We all know that YOGA means union and wholeness but, can we ever get to the point where it actually changes us? The great 20th century Indian sage, Sri Aurobindo said "All life is yoga." But, how many of us walk out of class and get into an argument with the dry cleaner or fall victim to a fit of road rage? The challenge of living a fully engaged, high-speed, modern life as a centered, conscious person can sometimes feel like one more impossible demand.
Can we remember, just once during a hectic day, to perform one action with the same care as constructing an asana, one breath as oceanic as in pranayama, one thought a seed cultivated like a meditation?
Yes, over time, practice works us. Each asana, well-constructed, massages your glands, frees your energetic blocks and you get a different understanding. You become less reactive. You gets insights. You begin to take self-responsibility when you understand that you are always creating something (health or disease, love or fear). The truth is these opposites are really different ends of the same spectrum. The results you get reflect what you are really in relationship with. We get into patterns. We choose to unconsciously repeat those patterns. We keep getting the same results.
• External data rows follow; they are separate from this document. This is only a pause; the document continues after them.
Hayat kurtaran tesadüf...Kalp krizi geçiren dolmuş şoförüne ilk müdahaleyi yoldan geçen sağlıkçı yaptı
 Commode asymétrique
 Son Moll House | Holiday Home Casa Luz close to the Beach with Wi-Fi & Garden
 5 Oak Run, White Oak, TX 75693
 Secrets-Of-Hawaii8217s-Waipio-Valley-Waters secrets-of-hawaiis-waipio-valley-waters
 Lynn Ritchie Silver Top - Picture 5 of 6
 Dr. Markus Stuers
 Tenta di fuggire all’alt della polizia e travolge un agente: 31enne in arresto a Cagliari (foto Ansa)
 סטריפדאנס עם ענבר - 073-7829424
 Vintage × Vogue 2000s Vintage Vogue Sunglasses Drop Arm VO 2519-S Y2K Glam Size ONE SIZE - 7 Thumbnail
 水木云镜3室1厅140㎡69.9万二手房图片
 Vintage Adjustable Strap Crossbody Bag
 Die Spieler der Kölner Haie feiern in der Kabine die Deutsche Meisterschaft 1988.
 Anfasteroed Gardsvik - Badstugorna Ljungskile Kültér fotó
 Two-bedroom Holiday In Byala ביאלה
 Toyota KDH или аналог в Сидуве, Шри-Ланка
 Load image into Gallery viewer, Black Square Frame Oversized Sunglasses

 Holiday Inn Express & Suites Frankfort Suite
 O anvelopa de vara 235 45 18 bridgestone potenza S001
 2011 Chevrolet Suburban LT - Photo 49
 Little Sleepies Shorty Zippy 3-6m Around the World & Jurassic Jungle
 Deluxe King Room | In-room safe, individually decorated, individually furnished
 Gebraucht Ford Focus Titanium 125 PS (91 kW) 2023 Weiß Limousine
A good yoga practice takes a closed energy system (you before practice) and amps it up (you after practice). All of you is different. Your metabolism, your thoughts, emotions, everything has shifted. With experience, you eventually learn how to make a passing state become a behavior trait. You learn how to raise your frequency to a vibration that exists above the old patterns.
Here is the best part, you're not doing this alone. The mere fact that yoga's benefits are enjoyed by so many is proof. It works, not because it is some arcane system of contortions. It works because the universe wants it to. It works because it is part of an inescapable wave of evolution. The wave is not from matter to spirit. It is, to paraphrase Sri Aurobindo, the unfolding of the seed of spirit in everyone. It is the conscious recognition that in addition to our desires, our stories, and our accomplishments, we are also, that vast, timeless mystery of eternity.